I need help setting up a data warehouse using HubSpot CRM as my source
I’m working on extracting data from our HubSpot CRM system and want to build a proper data warehouse structure. The main tables I’m pulling include:
Agreements
Customers
Opportunities
Prospects
I’m struggling with how to design the dimensional model properly. What would be the best approach for creating fact tables and dimension tables from this CRM data? Should I treat Opportunities as my main fact table and use Customers as a dimension?
Any guidance on the schema design would be really helpful. I want to make sure I’m following best practices for this type of CRM data warehousing project.
When I faced a similar situation during my CRM migration last year, a key step was to create distinct fact tables for various business processes instead of consolidating everything into one structure. For your scenario, it makes sense to utilize Opportunities as the central sales fact table, but consider implementing an activity fact table if tracking interactions is part of your strategy.
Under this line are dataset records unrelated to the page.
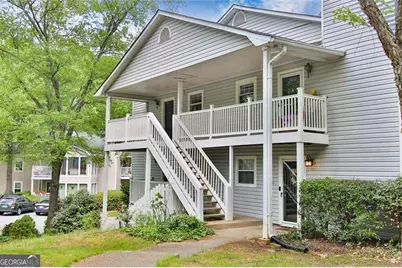 2104 Augusta Drive SE, Marietta, GA 30067 - Photo 2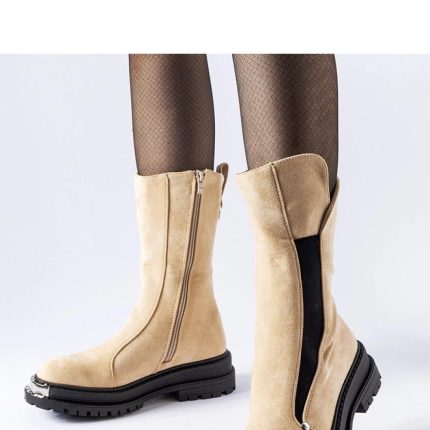 Stiefeletten model 205848 Solea  (39)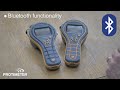 Differences between Protimeter MMS3 and MMS2 Moisture Meters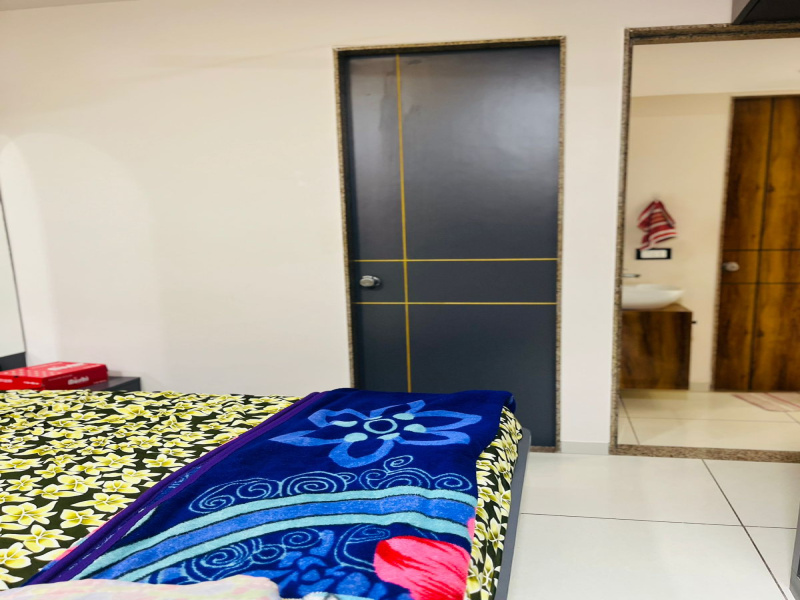 1 BHK 710 Sq.ft. Apartment for Sale in South Bopal, Ahmedabad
A significant challenge with HubSpot data is correctly addressing custom properties and deal stages. I established a separate dimension for deal stages, incorporating effective dating since these can evolve over time. Additionally, HubSpot’s contact merge feature can complicate your dimension tables, so you’ll need to factor this into your ETL process. Using the HubSpot contact ID as your natural key while generating your surrogate keys for the warehouse is advisable.
Initially, I overlooked the many-to-many relationship between contacts and companies, which required me to create a bridge table based on reporting needs.